Details on Public Credit Registry:
- A public credit registry is an information repository that collates all loan information
of individuals and corporate borrowers.
- A credit repository helps banks distinguish between a bad and a good borrower and accordingly offer attractive interest rates to good borrowers and higher interest rates to bad borrowers.
- PCR will address issues such as information asymmetry, improve access to credit and strengthen the credit culture among consumers.
- It can also address the bad loan problem staring at banks, as corporate debtors will not be able to borrow across banks without disclosing existing debt.
- A PCR may also help raise India’s rank in the global ease of doing business index.
- Data is to be made available to stakeholders such as banks, on a need-to-know basis.Data privacy will be protected.

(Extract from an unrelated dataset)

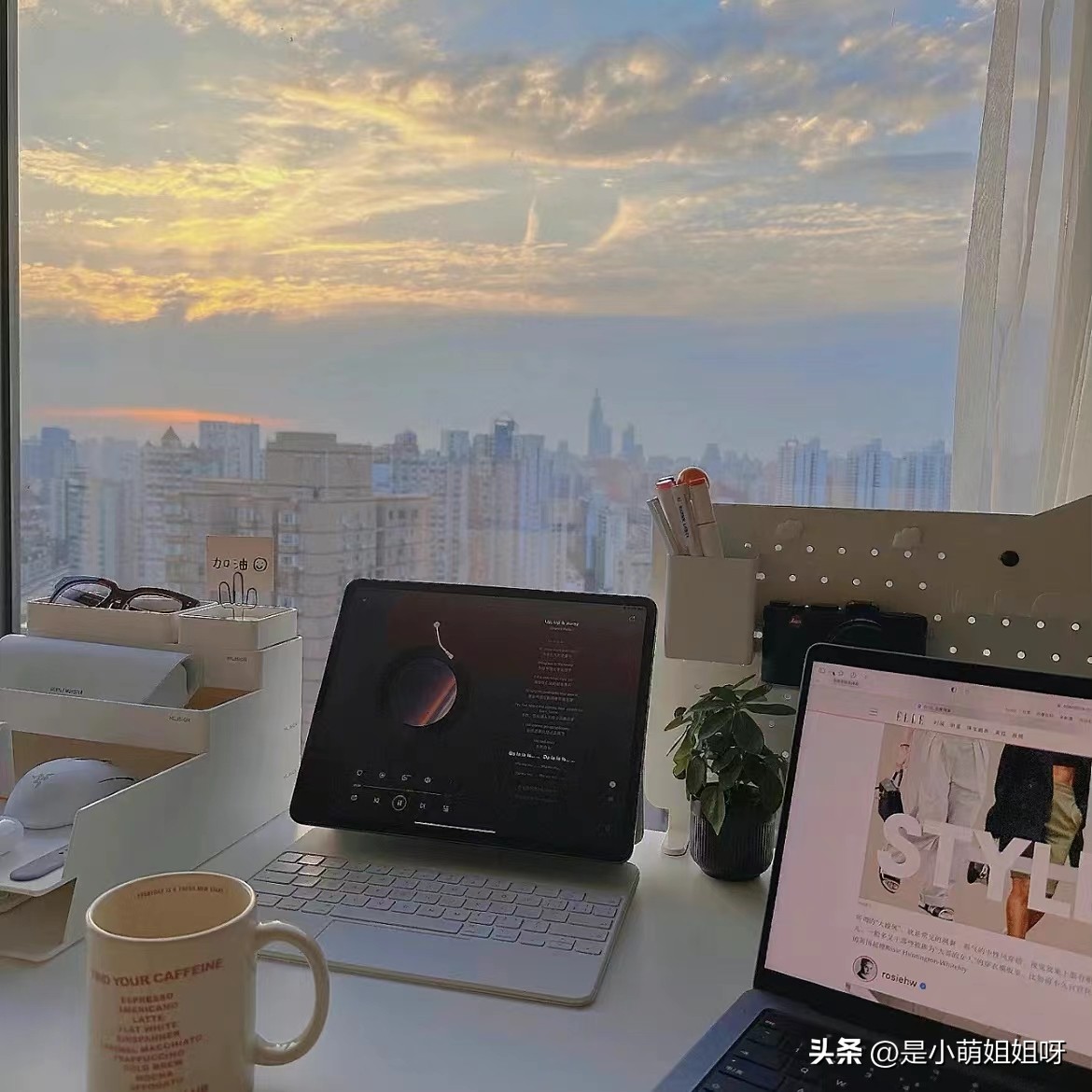 年入300万的家庭零花钱多少,年入300万的技巧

- Credit information is now available across multiple systems in bits and pieces and not in one window. Data on borrowings from banks, non-banking financial companies, corporate bonds or debentures from the market, external commercial borrowings (ECBs), foreign currency convertible bonds(FCCBs), masala bonds, and inter-corporate borrowings are not available in one data repository.
- PCR will help capture all relevant information about a borrower, across different borrowing products in one place. It can flag early warnings on asset quality by tracking performance on other credits.
- PCR in other countries now include other transactional data such as payments to utilities like power and telecom for retail consumers and trade credit data for businesses. Regularity in making payments to utilities and trade creditors provides an indication of the credit quality of such customers.